According to the paper, Vivendi is determined to secure a commitment from Mediaset to commit to negotiations and drop the threat of legal action ahead of any talks.
Mediaset’s case against Vivendi is set for its first court hearing at the end of March.
According to another source cited by Les Echos, Mediaset could be prepared to drop its legal action if Vivendi committed to transfer €1.5 billion – the amount claimed by the group in compensation for the lost business as a result of Vivendi’s pulling out of the deal concluded between the pair in April.
The paper also reports that, among bankers following the saga, scenarios that could make sense include a sale of Mediaset as a whole to Vivendi, and the acquisition of Mediaset Premium by Telecom Italia – in which Vivendi is the controlling shareholder – along with the sale of Mediaset España to Vivendi.
Vivendi currently holds just shy of 30% of Mediaset after a series of acquisitions of shares at the end of last year.
The report of a possible new initiative by Vivendi to break the deadlock between the pair follows separate reports in the Italian press that Mediaset is close to striking a deal with rival pay TV player Sky over the future of the loss-making Premium.

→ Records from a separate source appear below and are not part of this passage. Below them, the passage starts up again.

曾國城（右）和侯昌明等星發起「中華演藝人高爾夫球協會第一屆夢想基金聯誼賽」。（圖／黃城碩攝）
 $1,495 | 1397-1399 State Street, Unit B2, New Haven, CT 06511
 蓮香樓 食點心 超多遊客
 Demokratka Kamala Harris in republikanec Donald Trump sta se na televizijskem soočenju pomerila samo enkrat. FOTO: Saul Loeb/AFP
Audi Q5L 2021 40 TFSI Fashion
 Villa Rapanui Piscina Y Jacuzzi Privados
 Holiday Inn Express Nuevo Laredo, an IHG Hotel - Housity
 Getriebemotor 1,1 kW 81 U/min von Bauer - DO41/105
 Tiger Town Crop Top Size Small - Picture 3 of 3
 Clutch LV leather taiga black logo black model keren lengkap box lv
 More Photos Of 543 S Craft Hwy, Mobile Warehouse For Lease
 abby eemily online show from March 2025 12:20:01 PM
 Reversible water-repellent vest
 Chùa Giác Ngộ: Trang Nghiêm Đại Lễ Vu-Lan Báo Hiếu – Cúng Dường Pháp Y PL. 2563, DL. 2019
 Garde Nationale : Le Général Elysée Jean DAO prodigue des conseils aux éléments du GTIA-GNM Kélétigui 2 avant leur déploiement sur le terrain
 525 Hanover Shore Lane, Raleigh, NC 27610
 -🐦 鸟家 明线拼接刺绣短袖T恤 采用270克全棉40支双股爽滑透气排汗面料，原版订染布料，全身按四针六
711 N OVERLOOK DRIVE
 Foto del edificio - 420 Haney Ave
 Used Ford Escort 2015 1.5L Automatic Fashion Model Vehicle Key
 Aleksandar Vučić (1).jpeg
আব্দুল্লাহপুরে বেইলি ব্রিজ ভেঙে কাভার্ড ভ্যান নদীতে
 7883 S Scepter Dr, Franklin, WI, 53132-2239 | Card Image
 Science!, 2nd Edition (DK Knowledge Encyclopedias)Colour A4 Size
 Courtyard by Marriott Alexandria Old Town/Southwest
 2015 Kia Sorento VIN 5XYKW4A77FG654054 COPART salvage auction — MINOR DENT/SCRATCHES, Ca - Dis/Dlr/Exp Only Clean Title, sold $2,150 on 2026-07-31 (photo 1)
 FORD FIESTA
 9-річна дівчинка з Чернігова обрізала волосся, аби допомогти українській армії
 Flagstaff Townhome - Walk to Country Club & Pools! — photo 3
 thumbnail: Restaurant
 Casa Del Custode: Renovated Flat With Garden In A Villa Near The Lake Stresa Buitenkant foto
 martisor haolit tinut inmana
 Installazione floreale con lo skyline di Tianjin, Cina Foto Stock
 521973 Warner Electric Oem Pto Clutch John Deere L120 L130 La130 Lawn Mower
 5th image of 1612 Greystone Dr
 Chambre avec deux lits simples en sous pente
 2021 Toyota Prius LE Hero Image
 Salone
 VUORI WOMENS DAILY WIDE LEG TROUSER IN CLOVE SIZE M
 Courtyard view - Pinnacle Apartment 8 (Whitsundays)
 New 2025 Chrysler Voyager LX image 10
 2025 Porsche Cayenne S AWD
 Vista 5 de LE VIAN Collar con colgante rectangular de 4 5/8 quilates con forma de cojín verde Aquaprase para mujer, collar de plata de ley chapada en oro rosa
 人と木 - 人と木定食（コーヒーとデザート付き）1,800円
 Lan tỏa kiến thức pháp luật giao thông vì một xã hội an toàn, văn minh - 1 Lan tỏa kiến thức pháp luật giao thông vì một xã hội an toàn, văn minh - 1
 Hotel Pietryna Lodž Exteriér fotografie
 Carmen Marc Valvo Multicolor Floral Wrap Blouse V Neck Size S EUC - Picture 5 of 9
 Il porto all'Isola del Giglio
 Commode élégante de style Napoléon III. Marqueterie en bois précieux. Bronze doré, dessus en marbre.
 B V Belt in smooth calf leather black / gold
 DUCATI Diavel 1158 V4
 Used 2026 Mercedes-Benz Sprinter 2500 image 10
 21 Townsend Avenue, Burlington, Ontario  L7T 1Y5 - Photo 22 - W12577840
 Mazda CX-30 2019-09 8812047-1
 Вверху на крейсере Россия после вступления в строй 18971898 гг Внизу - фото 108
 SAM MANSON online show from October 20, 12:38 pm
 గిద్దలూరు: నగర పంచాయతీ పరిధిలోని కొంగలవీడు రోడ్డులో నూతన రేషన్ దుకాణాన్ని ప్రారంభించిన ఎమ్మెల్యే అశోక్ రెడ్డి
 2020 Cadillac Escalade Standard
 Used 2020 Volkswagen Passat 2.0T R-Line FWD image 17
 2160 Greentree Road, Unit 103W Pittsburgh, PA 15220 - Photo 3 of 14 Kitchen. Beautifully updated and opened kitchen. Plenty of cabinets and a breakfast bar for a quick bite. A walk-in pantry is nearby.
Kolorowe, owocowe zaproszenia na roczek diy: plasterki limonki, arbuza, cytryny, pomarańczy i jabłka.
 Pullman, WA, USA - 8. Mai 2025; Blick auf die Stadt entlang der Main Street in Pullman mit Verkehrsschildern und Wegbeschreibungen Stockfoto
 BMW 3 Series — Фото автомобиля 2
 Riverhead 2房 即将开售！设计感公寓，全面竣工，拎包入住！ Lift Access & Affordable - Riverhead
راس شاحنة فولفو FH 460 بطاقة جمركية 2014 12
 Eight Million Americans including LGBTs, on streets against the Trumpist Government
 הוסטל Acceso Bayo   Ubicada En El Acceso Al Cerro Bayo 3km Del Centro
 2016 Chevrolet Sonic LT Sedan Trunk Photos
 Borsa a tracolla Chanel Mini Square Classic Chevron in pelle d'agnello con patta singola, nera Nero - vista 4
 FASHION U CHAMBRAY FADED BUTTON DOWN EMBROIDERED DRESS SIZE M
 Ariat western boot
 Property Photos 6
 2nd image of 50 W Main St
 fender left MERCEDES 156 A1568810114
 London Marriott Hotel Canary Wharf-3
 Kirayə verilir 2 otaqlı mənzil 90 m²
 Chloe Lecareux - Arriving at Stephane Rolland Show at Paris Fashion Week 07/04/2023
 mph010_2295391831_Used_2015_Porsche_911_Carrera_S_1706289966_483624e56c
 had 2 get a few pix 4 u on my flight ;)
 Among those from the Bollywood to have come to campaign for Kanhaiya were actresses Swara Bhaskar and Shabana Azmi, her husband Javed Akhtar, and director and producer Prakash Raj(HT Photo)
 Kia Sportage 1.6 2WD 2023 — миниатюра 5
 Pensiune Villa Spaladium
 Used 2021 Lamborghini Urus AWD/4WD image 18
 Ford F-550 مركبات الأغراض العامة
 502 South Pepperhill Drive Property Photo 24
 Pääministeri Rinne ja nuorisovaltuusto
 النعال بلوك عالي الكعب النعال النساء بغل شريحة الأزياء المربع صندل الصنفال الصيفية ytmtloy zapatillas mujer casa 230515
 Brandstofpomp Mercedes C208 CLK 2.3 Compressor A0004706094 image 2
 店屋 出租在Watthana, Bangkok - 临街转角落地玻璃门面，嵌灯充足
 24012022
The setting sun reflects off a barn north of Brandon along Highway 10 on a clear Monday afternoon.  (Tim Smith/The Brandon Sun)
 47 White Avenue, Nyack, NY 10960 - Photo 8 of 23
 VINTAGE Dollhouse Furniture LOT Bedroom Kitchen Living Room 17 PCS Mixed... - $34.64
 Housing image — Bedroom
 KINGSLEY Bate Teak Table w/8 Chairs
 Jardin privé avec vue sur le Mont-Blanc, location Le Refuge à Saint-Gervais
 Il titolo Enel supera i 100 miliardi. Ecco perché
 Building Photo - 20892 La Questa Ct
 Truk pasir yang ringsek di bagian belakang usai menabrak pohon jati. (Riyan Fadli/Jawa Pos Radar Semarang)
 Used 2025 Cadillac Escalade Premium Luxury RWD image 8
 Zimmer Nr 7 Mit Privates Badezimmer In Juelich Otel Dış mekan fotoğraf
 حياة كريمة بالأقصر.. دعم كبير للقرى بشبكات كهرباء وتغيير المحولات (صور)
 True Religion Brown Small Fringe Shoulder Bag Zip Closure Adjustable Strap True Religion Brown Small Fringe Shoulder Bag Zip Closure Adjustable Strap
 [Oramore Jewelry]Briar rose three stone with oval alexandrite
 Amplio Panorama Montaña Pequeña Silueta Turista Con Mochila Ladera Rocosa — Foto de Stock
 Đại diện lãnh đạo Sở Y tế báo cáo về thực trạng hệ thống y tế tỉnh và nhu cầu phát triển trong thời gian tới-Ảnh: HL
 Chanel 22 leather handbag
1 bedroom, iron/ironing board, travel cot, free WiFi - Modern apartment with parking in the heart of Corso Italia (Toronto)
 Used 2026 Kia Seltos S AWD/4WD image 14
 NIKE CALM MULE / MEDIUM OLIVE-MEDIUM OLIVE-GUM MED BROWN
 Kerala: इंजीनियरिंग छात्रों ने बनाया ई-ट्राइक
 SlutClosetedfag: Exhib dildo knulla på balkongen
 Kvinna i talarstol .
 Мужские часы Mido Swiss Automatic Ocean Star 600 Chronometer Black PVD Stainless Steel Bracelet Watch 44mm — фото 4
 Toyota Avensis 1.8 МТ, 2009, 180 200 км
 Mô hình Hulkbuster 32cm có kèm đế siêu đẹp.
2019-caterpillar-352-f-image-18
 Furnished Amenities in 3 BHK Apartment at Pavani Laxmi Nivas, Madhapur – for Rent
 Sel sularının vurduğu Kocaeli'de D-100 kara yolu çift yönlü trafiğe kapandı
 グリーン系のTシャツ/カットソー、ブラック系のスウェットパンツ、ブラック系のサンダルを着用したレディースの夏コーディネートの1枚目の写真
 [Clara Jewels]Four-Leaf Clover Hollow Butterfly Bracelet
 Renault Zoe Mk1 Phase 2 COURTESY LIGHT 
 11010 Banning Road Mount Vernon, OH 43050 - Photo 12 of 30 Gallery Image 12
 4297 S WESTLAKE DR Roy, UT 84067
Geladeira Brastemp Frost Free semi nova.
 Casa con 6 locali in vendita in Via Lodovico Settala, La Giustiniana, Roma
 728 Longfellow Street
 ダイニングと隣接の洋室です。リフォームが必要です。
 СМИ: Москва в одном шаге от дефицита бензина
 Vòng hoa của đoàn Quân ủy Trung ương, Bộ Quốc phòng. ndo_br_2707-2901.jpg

Italian regulator AGCOM is due to rule on whether Vivendi should be allowed to retain both a controlling stake in Telecom Italia and a sizeable stake in Mediaset in the coming weeks.
Mediaset last month reset its pay TV strategy, making its pay TV channels and content available to other operators and opening up its domestic digital-terrestrial pay TV platform to all third-party content players.
The company said it would set up a new structure to participate in key sports rights bids, but that its approach to rights would be “opportunistic” and based on achieving a “sustainable business”.